So that was how in 1665 a Venetian glass prism came into the hands of a young Isaac Newton, natural philosopher, who had wandered that morning among the glass sellers of Cheapside asking for information about glassmaking and lens grinding. While the Murano port and wine glasses found their way from Venice across the sea and onto the gilded dining tables of the colleges, where they would catch light refracted from candles and from the white feathers of roast swans and the opalescent whites of oysters, that prism was to find its way into the darkened and shuttered chambers of a young undergraduate anxious to test a theory of light recently argued by a Frenchman called René Descartes.

Eight

S
omething had started. Together we were making a new prism, a new way to see our world, but I had no idea why or what it was for. It was early days yet—our glassmakers had not yet even set out to collect the pebbles from the River Ticino. The river water was still playing over those pebbles. Somewhere in Syria someone was burning seaweed and raking over the ash.

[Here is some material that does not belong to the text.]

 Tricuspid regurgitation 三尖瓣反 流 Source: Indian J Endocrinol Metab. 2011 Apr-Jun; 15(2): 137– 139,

A week later, I was reading the manuscript on the bench outside the big window at dusk, watching the long shadows stretch across the garden, when I heard a car draw up on the other side of the cobbled wall and the sound of the gate being unlocked and pushed open. Someone had come into Elizabeth’s garden. It wasn’t Will—she was away somewhere. For some reason I felt myself to be the trespasser, caught in an orchard that wasn’t my own. Someone was pushing the door back into place in all the ivy. I sat absolutely still, counting the seconds I had calculated it would take for whoever it was to reach me down the path and round the corner of the house—thirty seconds, twenty seconds, ten. It was you. I hadn’t thought of that—that you might have a key and come and go through the walled garden at your pleasure.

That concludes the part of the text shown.